In contrast, the oxidation of benzaldehyde, conducted under the same conditions as in entry 1, barely proceeded at all (entry 5). In the case of 1p, intramolecular cyclization of 1p-I proceeds smoothly to generate hemiacetal 1p-II, and the oxidation of 1p-II to phthalide 2p might be accelerated by the rapid isomerization of 1p-I to 1p-II. In contrast, the addition of H₂O to benzaldehyde was much slow in the absence of a base, which might result to the inefficient oxidation of benzaldehyde to benzoic acid. These results strongly suggest that the oxidation of aldehyde to carboxylic acid might proceed via the formation of hemiacetal 1p-II or geminal diols (generated from aldehydes and H₂O in the presence of the base) as key intermediates.

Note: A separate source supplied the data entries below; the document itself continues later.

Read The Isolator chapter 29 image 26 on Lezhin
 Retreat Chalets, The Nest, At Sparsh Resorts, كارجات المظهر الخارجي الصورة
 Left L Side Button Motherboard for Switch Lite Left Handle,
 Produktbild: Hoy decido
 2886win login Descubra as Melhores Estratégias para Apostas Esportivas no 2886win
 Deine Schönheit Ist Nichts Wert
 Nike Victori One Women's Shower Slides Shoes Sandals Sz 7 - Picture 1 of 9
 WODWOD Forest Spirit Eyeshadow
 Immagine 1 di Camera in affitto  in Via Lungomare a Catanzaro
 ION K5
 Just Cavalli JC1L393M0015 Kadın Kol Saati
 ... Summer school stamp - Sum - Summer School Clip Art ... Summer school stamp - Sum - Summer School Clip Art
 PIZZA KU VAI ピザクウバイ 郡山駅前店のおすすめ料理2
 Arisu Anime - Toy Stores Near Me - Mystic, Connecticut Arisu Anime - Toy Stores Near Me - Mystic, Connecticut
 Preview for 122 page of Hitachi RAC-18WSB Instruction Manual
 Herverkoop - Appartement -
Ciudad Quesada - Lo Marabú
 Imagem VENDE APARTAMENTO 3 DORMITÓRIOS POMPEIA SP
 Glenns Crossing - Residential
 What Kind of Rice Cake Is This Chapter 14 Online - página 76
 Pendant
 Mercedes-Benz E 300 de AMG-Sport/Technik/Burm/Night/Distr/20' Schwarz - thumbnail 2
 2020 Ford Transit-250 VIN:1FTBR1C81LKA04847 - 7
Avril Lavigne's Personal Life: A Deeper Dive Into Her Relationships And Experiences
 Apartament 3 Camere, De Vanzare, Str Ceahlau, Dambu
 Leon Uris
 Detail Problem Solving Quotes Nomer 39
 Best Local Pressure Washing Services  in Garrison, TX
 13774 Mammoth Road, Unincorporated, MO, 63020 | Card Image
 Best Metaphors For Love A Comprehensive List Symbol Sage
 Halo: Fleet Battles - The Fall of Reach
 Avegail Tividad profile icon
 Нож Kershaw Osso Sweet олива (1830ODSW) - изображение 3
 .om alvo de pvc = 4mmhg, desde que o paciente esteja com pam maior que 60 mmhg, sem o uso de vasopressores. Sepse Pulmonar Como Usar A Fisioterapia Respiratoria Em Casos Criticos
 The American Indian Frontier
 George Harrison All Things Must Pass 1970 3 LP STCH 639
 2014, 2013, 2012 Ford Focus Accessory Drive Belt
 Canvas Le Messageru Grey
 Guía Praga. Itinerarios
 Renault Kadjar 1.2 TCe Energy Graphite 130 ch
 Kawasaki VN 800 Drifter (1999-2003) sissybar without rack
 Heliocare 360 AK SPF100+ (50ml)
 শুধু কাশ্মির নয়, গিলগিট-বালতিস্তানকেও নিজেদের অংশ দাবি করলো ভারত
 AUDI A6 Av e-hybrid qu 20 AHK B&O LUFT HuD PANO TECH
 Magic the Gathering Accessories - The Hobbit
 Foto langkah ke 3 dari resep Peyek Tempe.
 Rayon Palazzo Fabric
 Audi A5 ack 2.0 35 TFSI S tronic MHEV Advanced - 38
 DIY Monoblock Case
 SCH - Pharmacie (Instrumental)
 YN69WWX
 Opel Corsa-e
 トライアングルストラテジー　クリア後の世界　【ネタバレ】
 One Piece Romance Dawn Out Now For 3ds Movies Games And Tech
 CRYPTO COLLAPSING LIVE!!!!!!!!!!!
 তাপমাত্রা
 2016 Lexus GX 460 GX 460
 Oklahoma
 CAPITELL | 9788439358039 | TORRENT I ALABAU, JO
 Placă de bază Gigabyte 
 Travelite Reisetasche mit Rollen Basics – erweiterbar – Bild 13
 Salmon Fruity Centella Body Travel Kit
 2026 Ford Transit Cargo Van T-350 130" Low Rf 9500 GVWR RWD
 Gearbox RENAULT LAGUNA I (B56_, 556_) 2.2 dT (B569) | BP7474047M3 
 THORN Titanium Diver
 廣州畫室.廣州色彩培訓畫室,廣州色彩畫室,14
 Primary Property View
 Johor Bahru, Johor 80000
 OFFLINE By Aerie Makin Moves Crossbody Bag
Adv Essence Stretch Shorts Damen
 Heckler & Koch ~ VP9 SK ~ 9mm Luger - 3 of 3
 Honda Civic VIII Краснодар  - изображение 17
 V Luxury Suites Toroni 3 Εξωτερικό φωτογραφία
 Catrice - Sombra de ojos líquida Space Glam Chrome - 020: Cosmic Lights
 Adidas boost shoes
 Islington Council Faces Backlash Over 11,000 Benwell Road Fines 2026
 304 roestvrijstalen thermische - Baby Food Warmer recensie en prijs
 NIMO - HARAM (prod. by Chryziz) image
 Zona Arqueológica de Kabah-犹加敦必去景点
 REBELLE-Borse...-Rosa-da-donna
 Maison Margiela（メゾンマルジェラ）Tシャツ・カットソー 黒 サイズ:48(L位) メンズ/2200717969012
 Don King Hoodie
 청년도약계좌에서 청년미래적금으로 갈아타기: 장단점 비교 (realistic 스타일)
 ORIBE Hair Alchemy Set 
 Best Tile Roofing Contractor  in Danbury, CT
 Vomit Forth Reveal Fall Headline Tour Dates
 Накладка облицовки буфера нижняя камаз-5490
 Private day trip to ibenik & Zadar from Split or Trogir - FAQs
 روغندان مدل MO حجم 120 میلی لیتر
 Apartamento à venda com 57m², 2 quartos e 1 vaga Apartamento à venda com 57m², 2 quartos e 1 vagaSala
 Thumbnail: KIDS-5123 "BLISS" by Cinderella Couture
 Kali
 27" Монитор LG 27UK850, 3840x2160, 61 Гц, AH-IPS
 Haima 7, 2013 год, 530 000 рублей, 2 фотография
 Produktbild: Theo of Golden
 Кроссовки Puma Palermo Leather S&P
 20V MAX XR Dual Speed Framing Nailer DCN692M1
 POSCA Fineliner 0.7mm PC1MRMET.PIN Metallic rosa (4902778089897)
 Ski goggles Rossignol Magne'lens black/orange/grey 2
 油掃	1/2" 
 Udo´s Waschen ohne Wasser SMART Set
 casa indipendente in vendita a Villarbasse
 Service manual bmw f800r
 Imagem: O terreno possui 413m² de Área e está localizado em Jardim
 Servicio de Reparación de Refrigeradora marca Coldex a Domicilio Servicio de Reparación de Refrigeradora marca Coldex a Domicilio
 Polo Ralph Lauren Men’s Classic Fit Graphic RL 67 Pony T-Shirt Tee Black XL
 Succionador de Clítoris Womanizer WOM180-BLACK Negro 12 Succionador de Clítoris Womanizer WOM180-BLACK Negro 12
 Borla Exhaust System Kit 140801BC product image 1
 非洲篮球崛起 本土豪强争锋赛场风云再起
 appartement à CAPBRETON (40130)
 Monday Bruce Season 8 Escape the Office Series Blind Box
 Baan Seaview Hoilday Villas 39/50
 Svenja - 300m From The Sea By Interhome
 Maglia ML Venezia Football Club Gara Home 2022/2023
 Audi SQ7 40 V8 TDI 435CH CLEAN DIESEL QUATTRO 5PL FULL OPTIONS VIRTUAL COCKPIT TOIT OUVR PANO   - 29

Based on the results of entries 11–18 in Tables 2 and 5, possible reaction pathways were constructed (Scheme 2). Initially, alcohol A is oxidized by Au³⁺ (Au₂O₃) to generate aldehyde B, which reacts with OH^– in the aqueous NaOH solution to form geminal diol C. gem-Diol C is oxidized by Au³⁺, Ag⁺, and/or Cu²⁺ to produce the corresponding carboxylic acid D.¹⁹ The Au⁺ formed in situ is also oxidized to regenerate Au³⁺ in the presence of Ag/Cu catalysts under molecular oxygen. In this case, the Au³⁺ species can be regenerated by the Cu catalyst with O₂.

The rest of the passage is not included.